▶ Task description:
Return the full listing unchanged, excluding any images it contains.
Data below below:
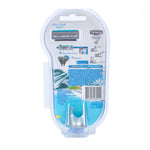 Schick Quattro Titanium Men Razor 1 Pc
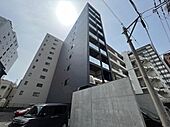 広島市中区土橋町 9階建 築2年のイメージ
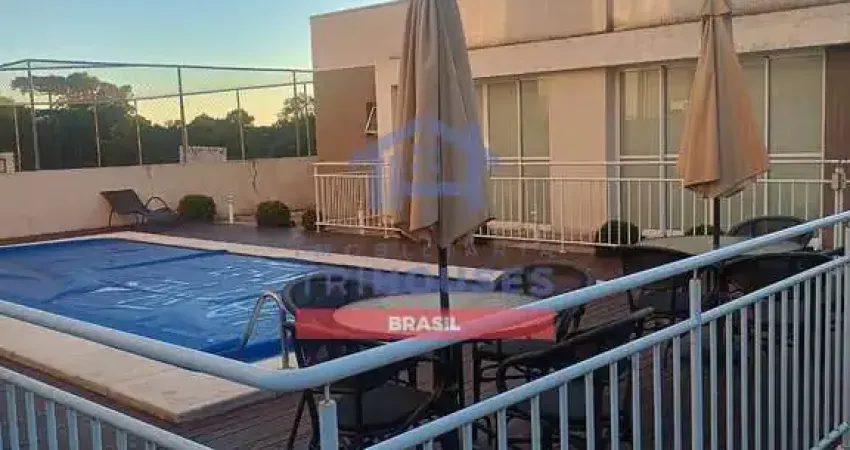 Apartamento à venda, colônia rio grande, são josé dos pinhais, pr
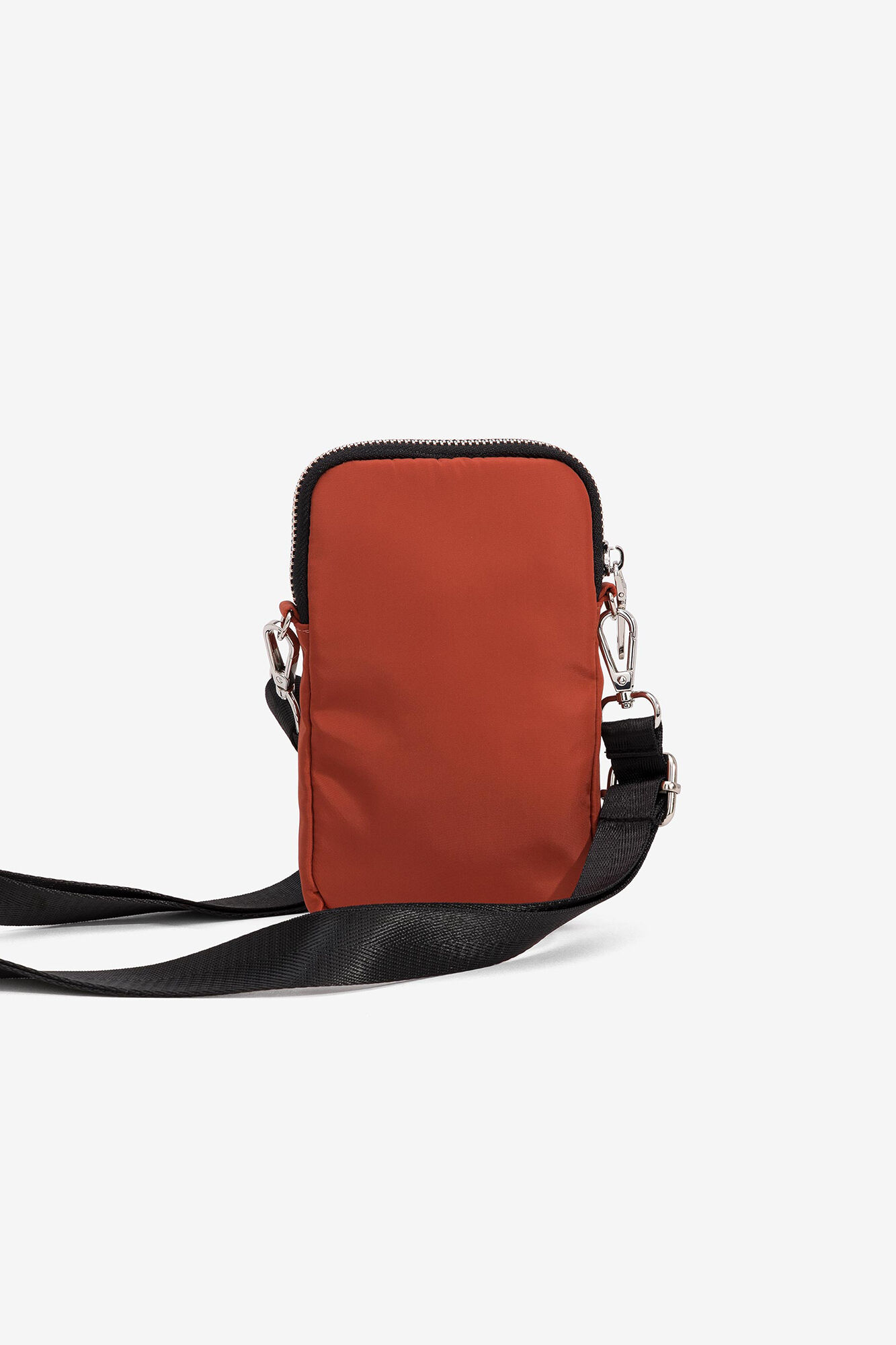 Bolsa de nylon para celular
End of Data below.
▶ Response below:
 Schick Quattro Titanium Men Razor 1 Pc
 広島市中区土橋町 9階建 築2年のイメージ
 Apartamento à venda, colônia rio grande, são josé dos pinhais, pr
 Bolsa de nylon para celular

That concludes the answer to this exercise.